Wolfe finished the furnace line in the new basement and started on the first floor. Every day he took his lunch to the twin rocks. One time-and-a-half Saturday he saw the woman and her husband together. They were on their lawn, fighting. Not physically. Verbally. They were striding up and down the grass in the hot sunlight and Wolfe saw them between tree branches like they were on a stage under a flashing stroboscope. Like disco. Fast sequential poses of anger and hurt. The guy was an asshole, for sure. Completely unreasonable, in Wolfe’s estimation. The more he railed, the lovelier the woman looked. Like a martyr in a church window. Wounded, vulnerable, noble.

Then the asshole hit her.

It was a kind of girly roundhouse slap. Try that where Wolfe was from and your opponent would laugh for a minute before beating you to a pulp. But it worked well enough on the woman. The asshole was tall and fleshy and he got enough of his dumb bulk behind the blow to lift her off her feet and dump her on her back on the grass. She sat up, stunned. Disbelieving. There was a livid red mark on her cheek. She started to cry. Not tears of pain. Not even tears of rage. Just tears of sheer heartbroken sadness that whatever great things her life had promised, it had all come down to being dumped on her ass on her own back lawn, with four fingers and a thumb printed backward on her face.

Soon after that it was the Fourth of July weekend and Wolfe stayed at home for four days.
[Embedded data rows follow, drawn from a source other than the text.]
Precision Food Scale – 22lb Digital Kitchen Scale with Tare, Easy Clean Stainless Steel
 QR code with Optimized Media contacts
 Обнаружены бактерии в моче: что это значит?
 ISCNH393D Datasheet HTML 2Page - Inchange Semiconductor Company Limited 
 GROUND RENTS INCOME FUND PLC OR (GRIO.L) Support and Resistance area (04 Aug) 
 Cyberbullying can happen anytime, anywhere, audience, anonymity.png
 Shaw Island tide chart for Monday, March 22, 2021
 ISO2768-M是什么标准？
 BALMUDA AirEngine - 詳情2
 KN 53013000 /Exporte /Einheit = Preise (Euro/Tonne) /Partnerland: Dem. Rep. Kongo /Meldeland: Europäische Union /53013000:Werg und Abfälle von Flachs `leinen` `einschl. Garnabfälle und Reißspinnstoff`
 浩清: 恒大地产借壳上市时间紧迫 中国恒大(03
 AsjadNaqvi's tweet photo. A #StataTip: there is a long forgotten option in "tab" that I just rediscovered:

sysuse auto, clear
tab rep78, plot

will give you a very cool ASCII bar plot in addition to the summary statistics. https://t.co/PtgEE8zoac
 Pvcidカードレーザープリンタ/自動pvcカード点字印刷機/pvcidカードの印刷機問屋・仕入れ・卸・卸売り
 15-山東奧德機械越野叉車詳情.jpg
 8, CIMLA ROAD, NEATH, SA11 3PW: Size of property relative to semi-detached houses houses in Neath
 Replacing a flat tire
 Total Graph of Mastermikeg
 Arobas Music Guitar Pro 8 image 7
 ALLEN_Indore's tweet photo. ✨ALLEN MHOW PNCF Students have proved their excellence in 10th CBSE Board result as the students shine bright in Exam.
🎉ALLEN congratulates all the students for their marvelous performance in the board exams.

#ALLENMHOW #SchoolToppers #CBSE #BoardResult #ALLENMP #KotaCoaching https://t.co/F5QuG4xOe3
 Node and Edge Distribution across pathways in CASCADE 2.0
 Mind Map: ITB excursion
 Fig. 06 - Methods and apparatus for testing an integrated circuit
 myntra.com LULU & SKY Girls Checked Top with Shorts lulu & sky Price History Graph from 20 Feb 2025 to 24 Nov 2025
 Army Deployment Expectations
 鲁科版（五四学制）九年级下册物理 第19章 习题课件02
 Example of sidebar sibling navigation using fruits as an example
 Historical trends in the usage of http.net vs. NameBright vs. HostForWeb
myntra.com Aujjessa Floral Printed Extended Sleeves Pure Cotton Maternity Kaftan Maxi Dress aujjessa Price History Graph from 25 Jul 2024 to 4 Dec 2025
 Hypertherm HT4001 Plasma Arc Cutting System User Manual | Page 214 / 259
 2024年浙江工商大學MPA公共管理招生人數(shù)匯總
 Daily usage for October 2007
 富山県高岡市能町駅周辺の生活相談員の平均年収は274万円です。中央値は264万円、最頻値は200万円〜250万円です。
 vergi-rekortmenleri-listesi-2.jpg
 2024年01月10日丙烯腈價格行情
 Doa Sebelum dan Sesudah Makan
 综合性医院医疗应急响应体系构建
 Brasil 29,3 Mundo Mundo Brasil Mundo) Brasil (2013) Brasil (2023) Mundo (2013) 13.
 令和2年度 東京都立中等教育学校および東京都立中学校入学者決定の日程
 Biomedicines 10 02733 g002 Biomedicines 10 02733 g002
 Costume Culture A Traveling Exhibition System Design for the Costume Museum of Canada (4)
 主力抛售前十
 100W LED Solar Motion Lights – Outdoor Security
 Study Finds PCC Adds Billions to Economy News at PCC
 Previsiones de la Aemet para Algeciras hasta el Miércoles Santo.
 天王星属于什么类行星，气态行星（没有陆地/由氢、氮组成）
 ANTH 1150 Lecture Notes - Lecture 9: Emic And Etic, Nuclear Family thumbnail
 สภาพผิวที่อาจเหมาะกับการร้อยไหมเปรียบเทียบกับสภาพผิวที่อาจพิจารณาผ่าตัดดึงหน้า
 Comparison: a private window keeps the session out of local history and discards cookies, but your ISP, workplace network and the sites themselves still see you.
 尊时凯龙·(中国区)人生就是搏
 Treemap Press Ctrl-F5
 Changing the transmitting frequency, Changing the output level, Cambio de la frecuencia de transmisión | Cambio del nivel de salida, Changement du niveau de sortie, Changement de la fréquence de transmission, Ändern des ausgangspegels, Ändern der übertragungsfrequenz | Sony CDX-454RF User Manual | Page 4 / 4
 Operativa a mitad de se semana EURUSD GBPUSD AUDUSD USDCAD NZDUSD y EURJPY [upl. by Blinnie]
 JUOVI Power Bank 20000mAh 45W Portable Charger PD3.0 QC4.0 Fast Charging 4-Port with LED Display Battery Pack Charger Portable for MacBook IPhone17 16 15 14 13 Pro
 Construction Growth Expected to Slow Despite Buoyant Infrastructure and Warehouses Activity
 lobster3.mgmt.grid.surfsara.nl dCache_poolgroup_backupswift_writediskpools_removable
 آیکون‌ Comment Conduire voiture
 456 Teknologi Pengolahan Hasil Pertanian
When the Dodge Caravan brought him back again he saw a bunch of local cop cars coming down the road. From the woman’s house, probably. No flashing lights. He glanced at them twice and started work. Second floor, three lighting circuits. Switched outlets and ceiling fixtures. Wall sconces in the bathrooms. But the whine of his auger must have told the woman he was there because she came over to see him. First time she had actually laid eyes on him. As far as he knew. Certainly it was the first time they had talked.

She crunched her way over the driveway grit and leaned in past the plywood sheet that was standing in for the front door and called, “Hello?”

Wolfe heard her over the noise of the drill and clattered down the stairs. She had stepped inside the hallway. The light was behind her. It made a halo of her hair. She was wearing old jeans and a T-shirt. She was a vision of loveliness.

“I’m sorry to bother you,” she said.

Her voice was like an angel’s caress.

Wolfe said, “No bother.”

“My husband has disappeared,” she said.

“Disappeared?” Wolfe said.

“He wasn’t home over the weekend and he isn’t at work today.”

Wolfe said nothing.

The woman said, “The police will come to see you. I’m here to apologize for that in advance. That’s all, really.”

But Wolfe could tell it wasn’t.

“Why would the police come to see me?” he asked.

“I think they’ll have to. I think that’s how they do things. They’ll probably want to know if you saw anything. Or heard any … disturbances.”

The way she said disturbances was really a question, real-time, from her to him, not just a future prediction of what the cops might ask. Like, Did you hear the disturbances? Did you? Or not?

Wolfe said, “My name is Wolfe. I’m pleased to meet you.”